Pese a que como vemos 10.000 noches en ninguna parte renuncia a la mirada canónica respecto de los géneros clásicos que caracterizara a sus dos largometrajes precedentes, parte de idéntica premisa: apelar a los sentimientos del espectador en su acercamiento a unos personajes carentes de afecto, aunando en el empeño artificio fílmico e interpretaciones veristas. Salazar vuelve a demostrar que es un director especialmente dotado para trasmitir emociones mediante la puesta en escena, alternando planos y secuencias de liberadora belleza —la totalidad del segmento narrativo ambientado en París— con pasajes especialmente sórdidos —aquel en el que el protagonista limpia los vómitos de su madre alcohólica desperdigados por el suelo del salón— que dimensionan el alcance real de un insidioso psicodrama familiar, producto de un trauma fundacional atisbado, nunca explicitado. Son las sensacionales interpretaciones de Andrés Gertrúdix, Susi Sánchez y Rut Santamaría, regalándonos en registros diferentes un alarde de sutileza y verosimilitud, las que sostienen el armazón dramático del relato, dotando de pleno sentido la imperiosa necesidad del hijo de huir de madre y hermana, que no dejan de recordarle al niño desvalido que nunca ha dejado de ser.

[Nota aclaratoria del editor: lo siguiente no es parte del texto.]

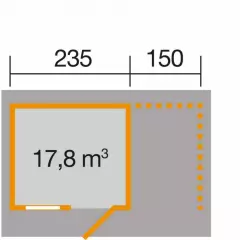 Abri de jardin 170 T1 avec extension / 8 m2 / 28 mm / + Plancher - Abri de jardin 170 T1 + extension / 8 m2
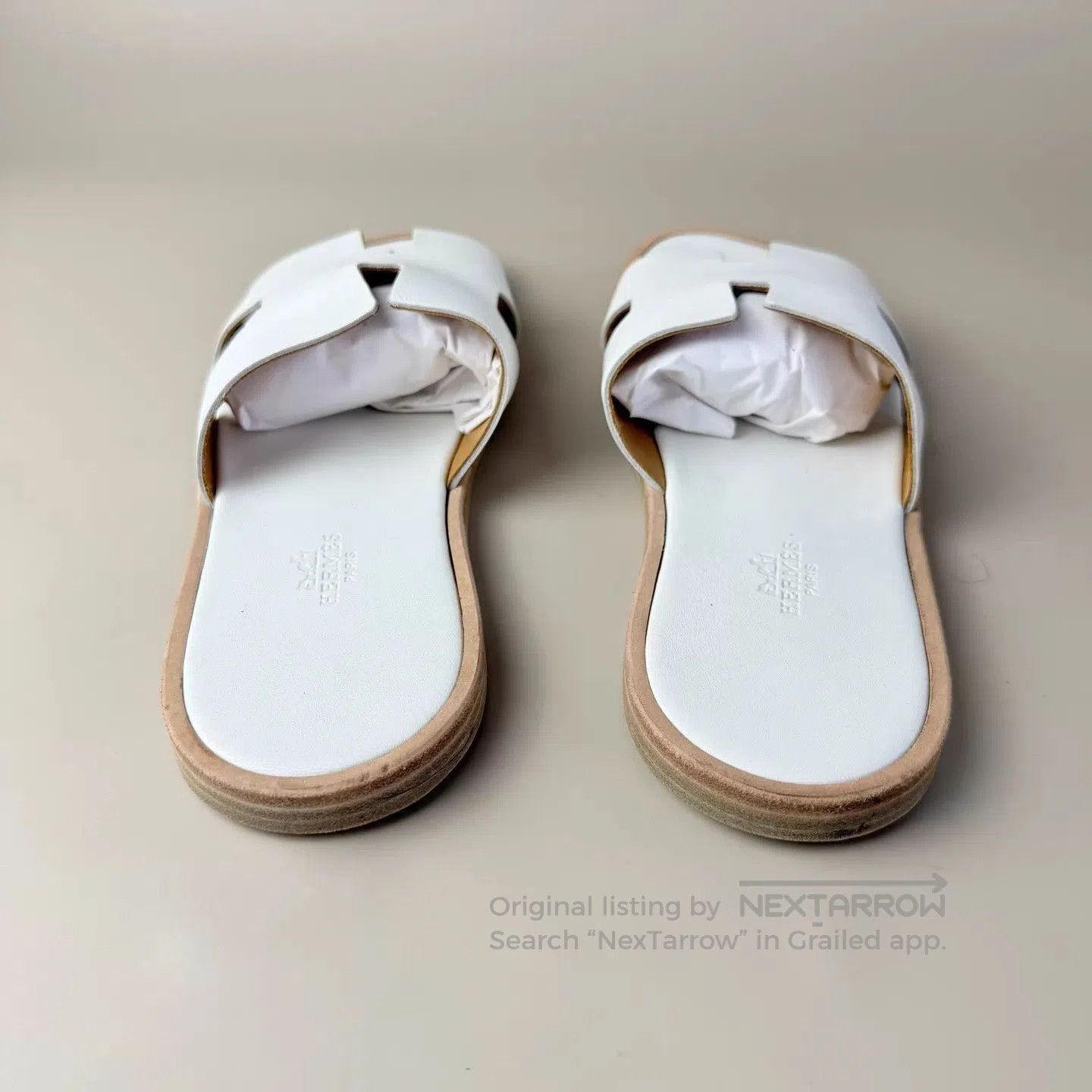 Hermes White Open-Toe Slides Size 8. Size US 8 / EU 41 - 3 Thumbnail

Película lúcida y desconcertante, intensa y por ello mismo agotadora, 10.000 noches en ninguna parte merecería escapar, dados sus innegables méritos, del ostracismo al que parecen abocadas aquellas obras que se salen del redil de lo que acostumbra a ver el gran público español. Si bien Ramón Salazar persiste en su empeño de emocionarnos —¡bendita emoción!— pulsando todos los resortes posibles consolida en su tercer filme un universo propio, personal e intransferible, tan coherente con filmografía previa y referentes contrastados como abierto a nuevas posibilidades expresivas. Quizá su cine no gane Goyas ni reviente taquillas, pero es valiente, sensible, y no dejará a nadie indiferente. Virtudes incontestables en los tiempos que corren.